#### Exercise directions
Output the records exactly, and drop each picture.
Data in this exercise below:
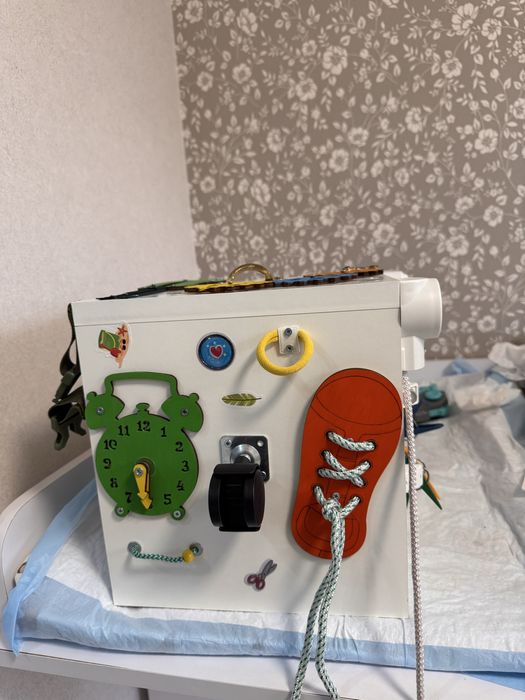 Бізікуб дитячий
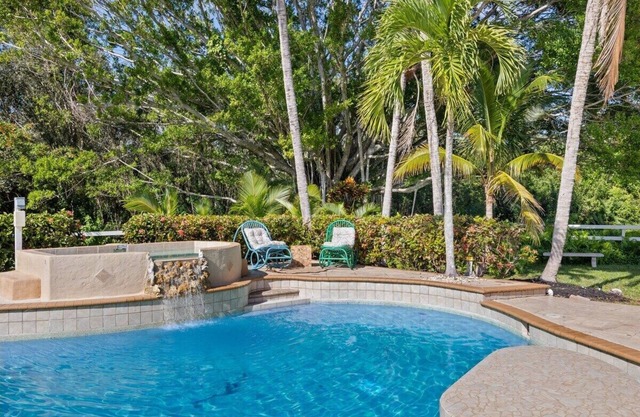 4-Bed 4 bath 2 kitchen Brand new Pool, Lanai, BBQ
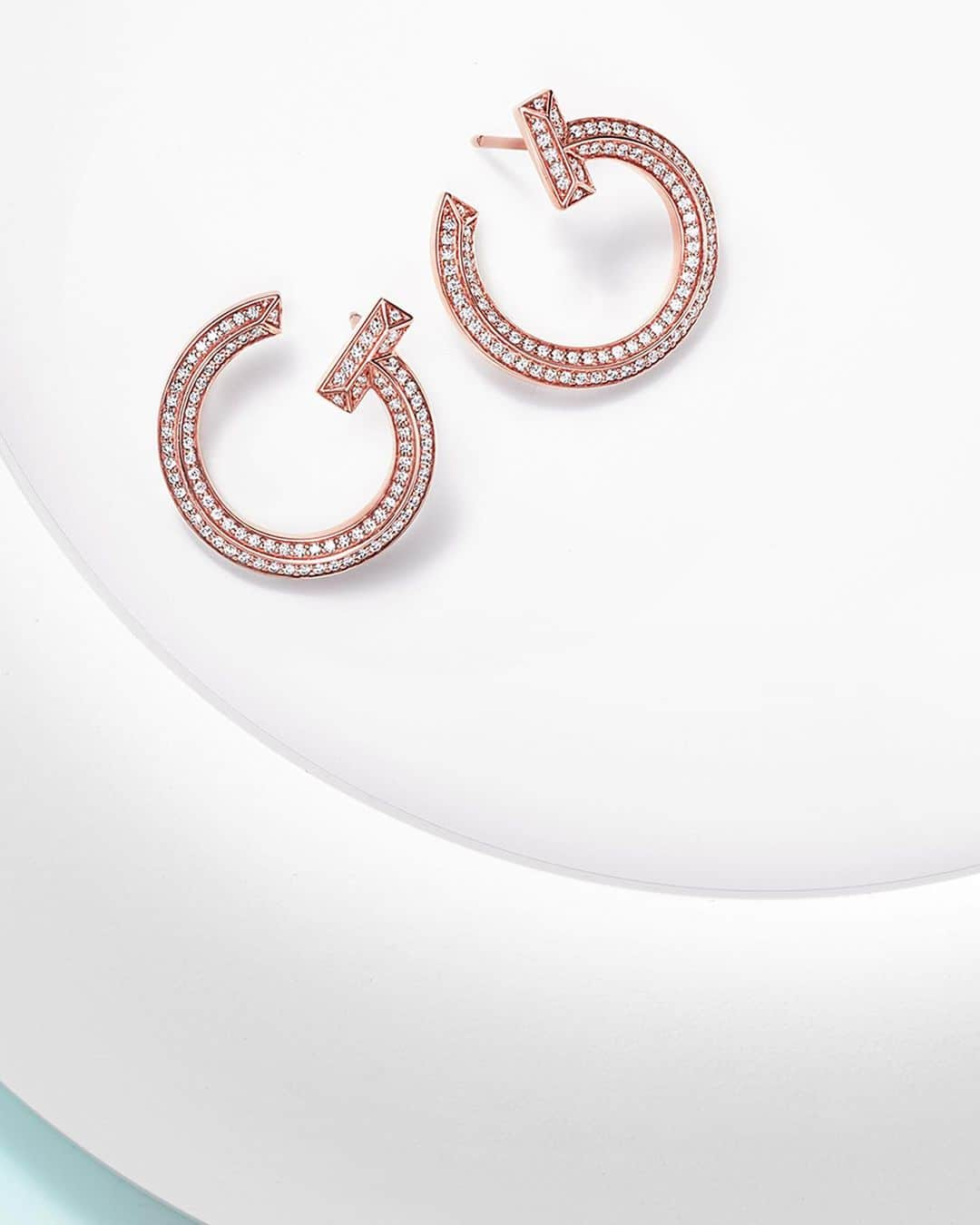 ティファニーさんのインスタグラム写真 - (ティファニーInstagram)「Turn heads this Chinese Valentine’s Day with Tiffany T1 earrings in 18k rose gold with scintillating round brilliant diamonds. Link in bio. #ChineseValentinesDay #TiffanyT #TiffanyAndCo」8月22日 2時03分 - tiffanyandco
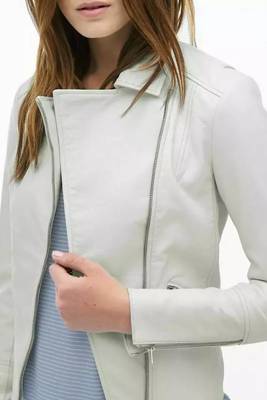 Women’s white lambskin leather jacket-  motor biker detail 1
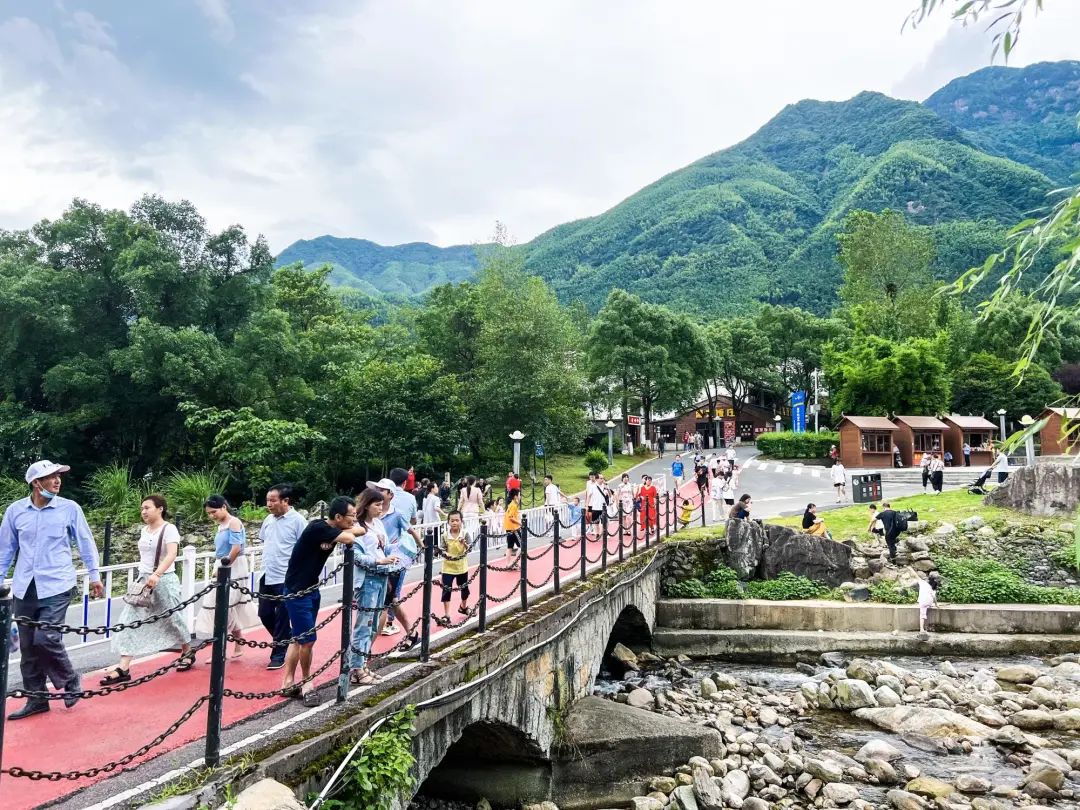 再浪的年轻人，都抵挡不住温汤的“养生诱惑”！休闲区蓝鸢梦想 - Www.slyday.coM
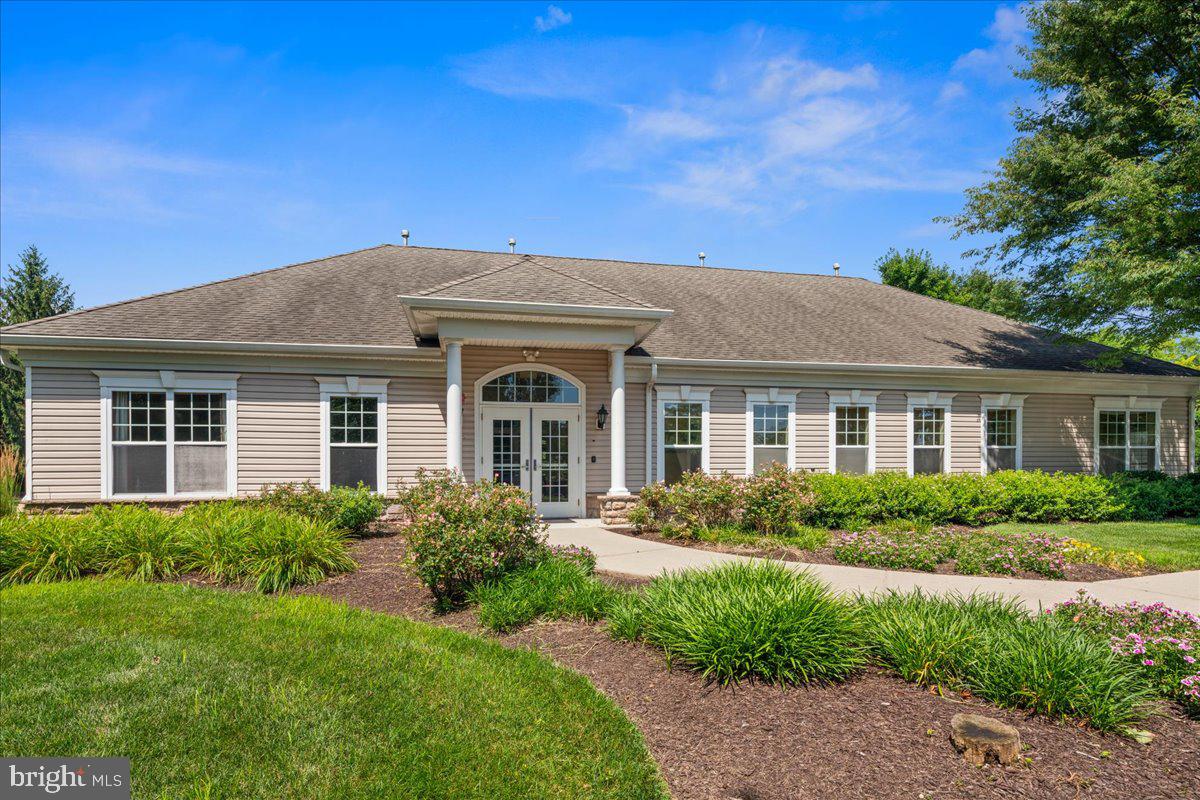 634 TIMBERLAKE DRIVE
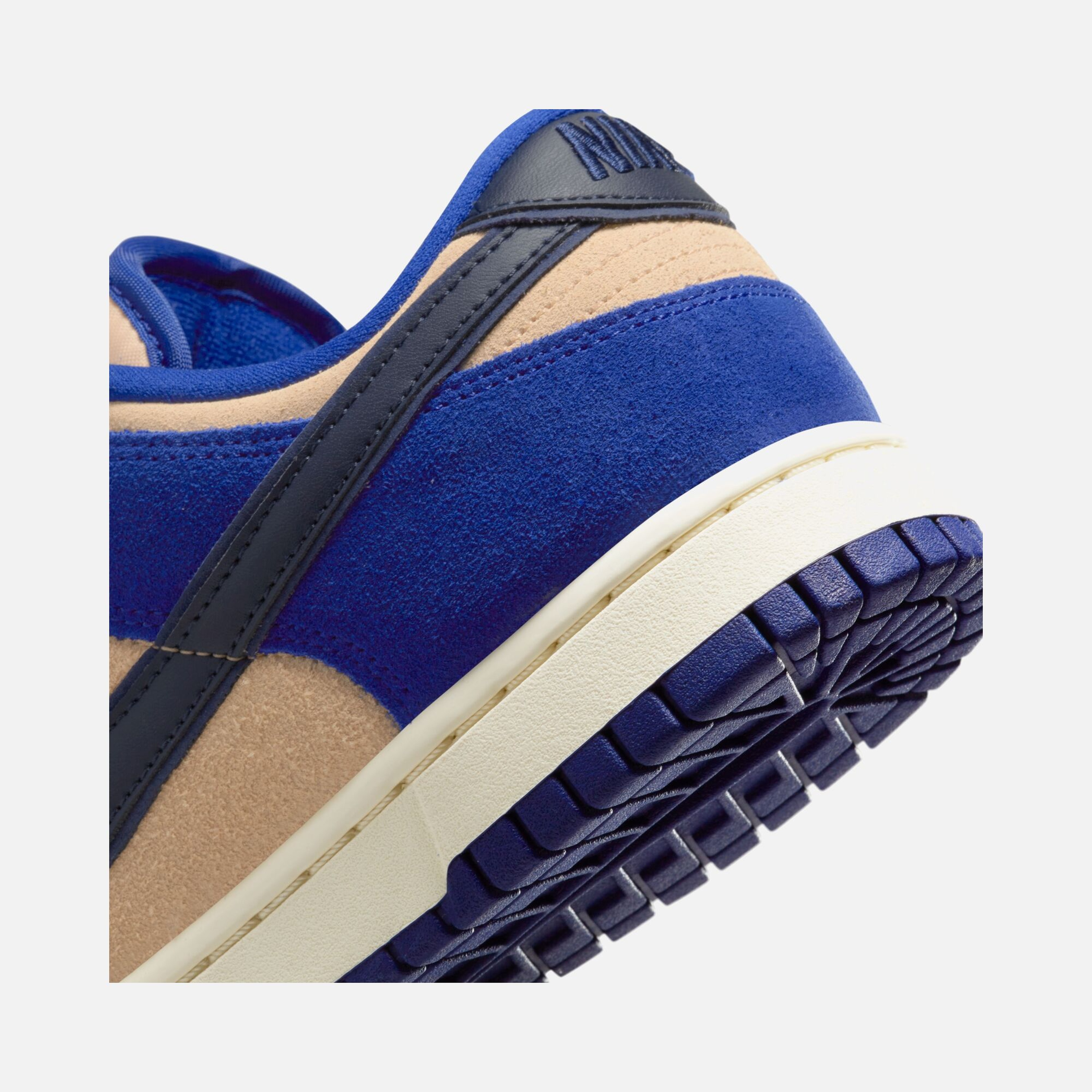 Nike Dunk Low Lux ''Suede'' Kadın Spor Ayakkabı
End of Data in this exercise.
#### Answer for the task
 Бізікуб дитячий
 4-Bed 4 bath 2 kitchen Brand new Pool, Lanai, BBQ
 ティファニーさんのインスタグラム写真 - (ティファニーInstagram)「Turn heads this Chinese Valentine’s Day with Tiffany T1 earrings in 18k rose gold with scintillating round brilliant diamonds. Link in bio. #ChineseValentinesDay #TiffanyT #TiffanyAndCo」8月22日 2時03分 - tiffanyandco
 Women’s white lambskin leather jacket-  motor biker detail 1
 再浪的年轻人，都抵挡不住温汤的“养生诱惑”！休闲区蓝鸢梦想 - Www.slyday.coM
 634 TIMBERLAKE DRIVE
 Nike Dunk Low Lux ''Suede'' Kadın Spor Ayakkabı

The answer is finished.